In a recent study conducted using the Expanse supercomputer at the San Diego Supercomputer Center at UC San Diego, a team of scientists from the Ames National Laboratory at Iowa State University and the Swiss Federal Institute of Technology in Zürich, Switzerland, examined how to assemble perovskites that are shaped as nanocubes with other sphere-shaped nanocrystals.
Their research paper entitled Ligand Effects in Assembly of Cubic and Spherical Nanocrystals: Applications to Packing of Perovskite Nanocubes offers information about their study and the problems they observed when pairing the perovskites with spherical nanocrystals.

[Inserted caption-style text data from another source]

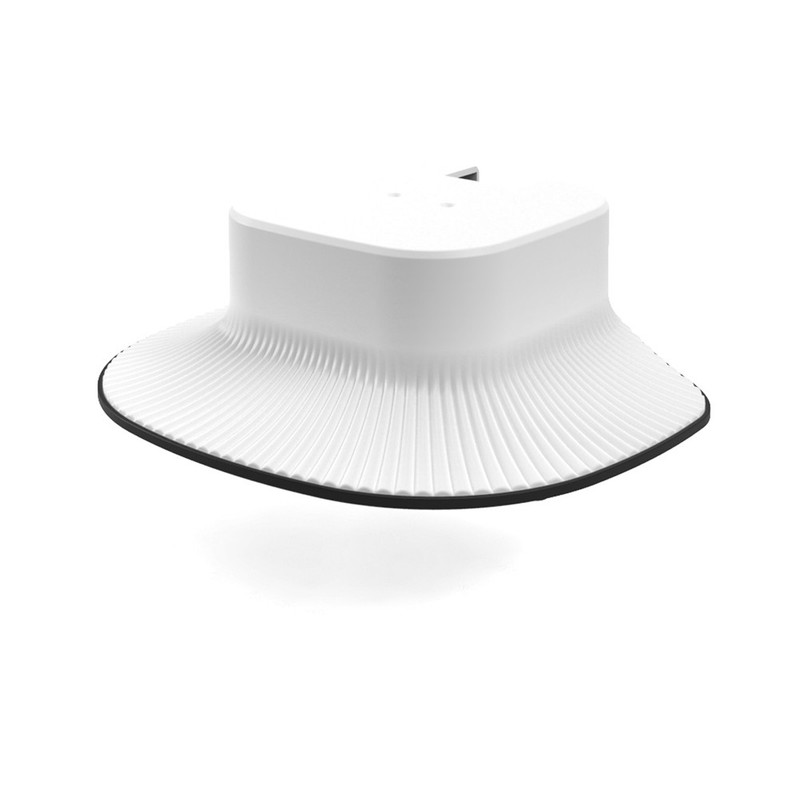 Rain Cover for SoloCam E30/E42 and 4G LTE Cam S330 – Outdoor Weather7490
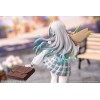 Honkai: Star Rail - Gift+ Firefly: Spring Missive Ver. 1/8 21cm (EU)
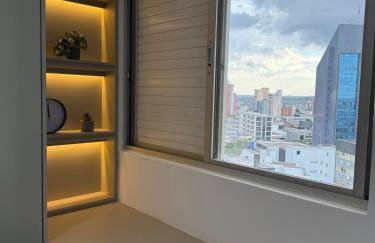 Apartamento 162 - Photo 9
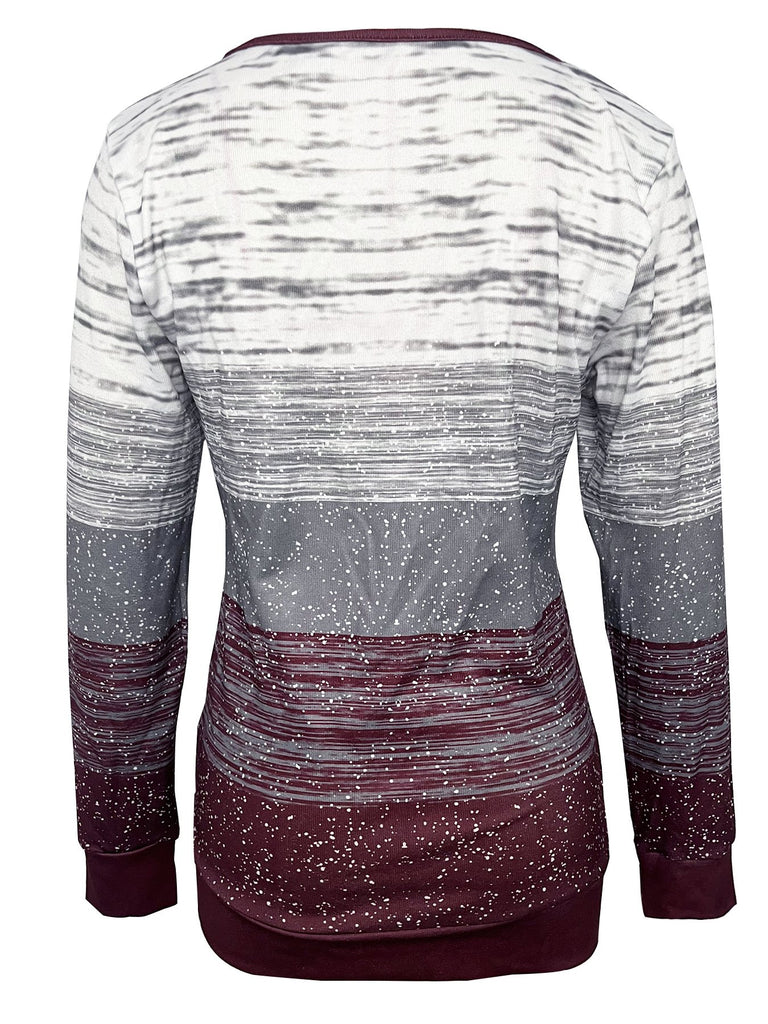 Blouses Manufacturers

According to the scientists, an exciting aspect of their work was that it demonstrated the detailed verification of the Orbifold Topological Model (OTM) – a model developed in the group of Alex Travesset, a physicist at Iowa State and co-author of the paper, to predict the structure of nanoparticle arrangements.
“Advancing our ability to assemble nanoparticles, and perovskites in particular, is a necessary and important step towards accelerating this process of materials discovery – and SDSC resources make this research possible,” said Travesset.